Gazzedeki DÖKME KURŞUN operasyonu ile Türkiye Basbakanı Sn. Erdoğan  kendisini aldatılmış hissetti ve özellikle devrin Başbakanı EHUD OLMERT’e çatarak  SURİYE ile İSRAİL arasında arabuluculuk yapmayacagını beyan etti.
Ardından  da  DAVOS TİYATROSU’nun   sahnelendiğini herkes canlı yayında seyretti.
BU kez  Türkiye Başbakanı  DOST ve MÜTTEFİK  Ülke CUMHURBASKANI Sn. SHİMON PERES’e
SIZLER  KADIN VE ÇOCUK OLDÜRMEYİ  ÇOK İYİ BİLİRSİNİZ diyerek  10 EMİR’in  ÖLDÜRMEYECEKSİN emrini hatırlatarak vede moderatör ile kavga ederek DAVOS’u terk etmiştir. Bayan Erdoğan da  dost ve Müttefik ülke  Cumhurbaşkanı Peres’e YALAN SOYLUYOR demeyı uygun bulmuştur.
Davos krizi henüz etkisini bitiremişken HAVA TATBİKATI krizi ve sondarbe olarak ta  AYRILIK  DİZİSİ krizi  aradaki çatlağın (aslında kırık) iyice ortaya çıkmasına sebebiyet vermistir.
Peki bu kadar yazıyı ne diye yazdım:
1- Tespitlerime göre ne zaman bir kriz varsa  İsrail Sn.Erdogan’a  bir  BONUS veriyor.
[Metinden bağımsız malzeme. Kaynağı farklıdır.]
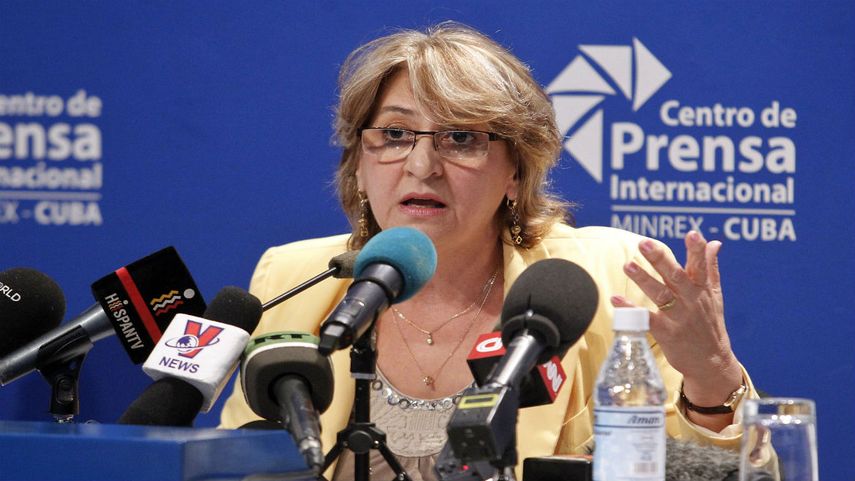 La presidenta de la Comisión Electoral Nacional (CEN), Alina Balseiro, ofrece los resultados de las elecciones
Direkt veya endirekt olarak.
2- Son krizin sebebinin  ne olabileceğine  beynimi yorarken
Bunu  MEDSTREAM projesi olup olamayacagını sorup duruyorum kendi kendime.

Medstream projesi iki ülke arasında AKDENİZ PETROL BORU HATTI projesidir ve  Olmert Hükümeti Enerji Bakanı Sn.  Binyamin Fuad Ben Elıyezer ile dönemin Enerji Bakanı  Sn. Dr. Hilmi Güler arasında geliştirilmiş ve ön fizibilte raporunun hazırlanması işi de  İHALESİZ olarak ÇALIK GRUBUNA  verilmistir. (Bu İsrail yasalarınca suçtur ve muhtemelen AMBUDSMAN raporunda yer alacaktır)  Fizibilite raporunun  maaliyeti 30 milyon dolardır.
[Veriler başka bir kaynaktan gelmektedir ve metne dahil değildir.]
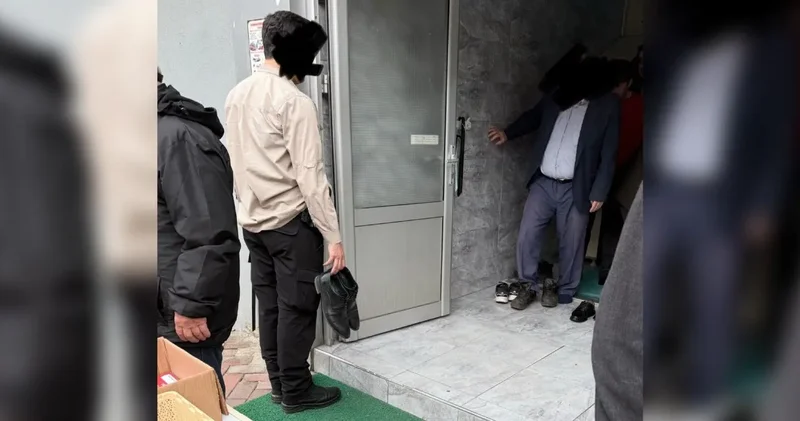 Polisin görevi bu mu? Cami kapısında elinde ayakkabı ve keratayla kaymakamı bekledi!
Kaynak: İsrail Enerji Bakanlıgı web sitesi.
Peki bu proje neden aradaki çatlağın sebebi olabilir ki.
Sözkonusu proje uzun süren ve netice alınamayan görüşmeler ile adeta dondurulmuş durumdadır.
İsrail’de  yeni bir hükümet var. Natanyahu hükmeti iki temel sebep ile bu projeye  henüz yeşil ışık yakmamışlardır.
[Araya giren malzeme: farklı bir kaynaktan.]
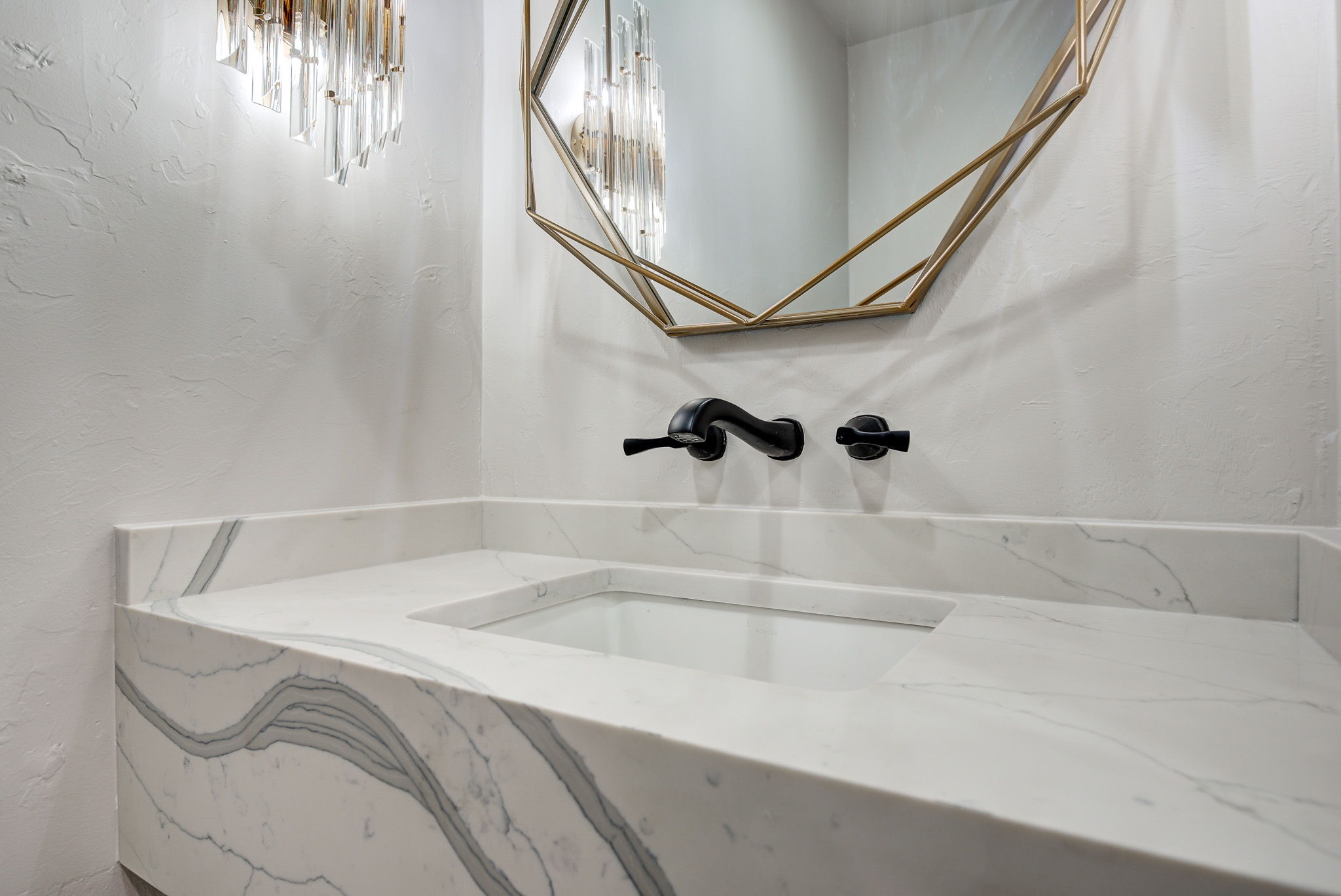 731DFF55-8C21-487C-A098-91FF301A0A31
1- Türkiye İran, Suriye ve Irak’a İsrail’i harcayarak yaklaşıyorsa, İSRAİL için yeterince itimat edilebilecek bir ortakmıdır.
2- Natanyahu hükümeti henüz Obama ve Filistin barışı konusundaki dengeyi oluşturamamış, birde  başına Goldstone raporu belası sarılmışken bu projeye henüz sıra gelmemiş te olabilir.
Aslında şu anda Türkiyede görevde olan ekip bu  konuda oldukça deneyimli ve bu projenin asli kilit elemanlarıdır.
Bakanlıgı esnasında  Sn. Fuad ben Eliyezer‘in yardımcısı Bugünkü İsrail büykelçisi Sn. GABBY LEVİ ve Gabby Levi’nin Elçi olmasından sonra yerine geçen isim ise İstanbul Baskonsolosu Sn. MOSHE KAMHI.
Projenin devamı için en yetkili ve bilgili ekip işbaşındadır. Projenın  babası FUAD Ben Eliyezer de halen Natanyahu kabinesınde bakan.
Ancak Sayın Erdoğan’ın Israil’i  acımasızca eleştirmesinin ardında  bu projenin gecikmesi olduğunu düşünmem  sanırım çok yanlış değil.
Şayet yakında İsrail ile Türkiye arasındaki ilişkiler düzene girerse ve sozkonusu projenin insaat ihalesi ÇALIK GRUBU’NA verilirse sanırım benim düşüncelerimin anlamı vardır.
Buna inanmak için bir sebep daha var.
İsrail bazı İŞGÜCÜNÜ işçi ithal ederek temin eder.
Ancak son  bir kaç senedir İsraillierin tabiri ile gökler kapalıdır.
Yani Yabancı isşçiye vize verilmemektedir.
Ancak İsrail ile Türkiye arasındaki tank modernizasyonunda ödeme konusunda bir OFFSET anlasması vardır.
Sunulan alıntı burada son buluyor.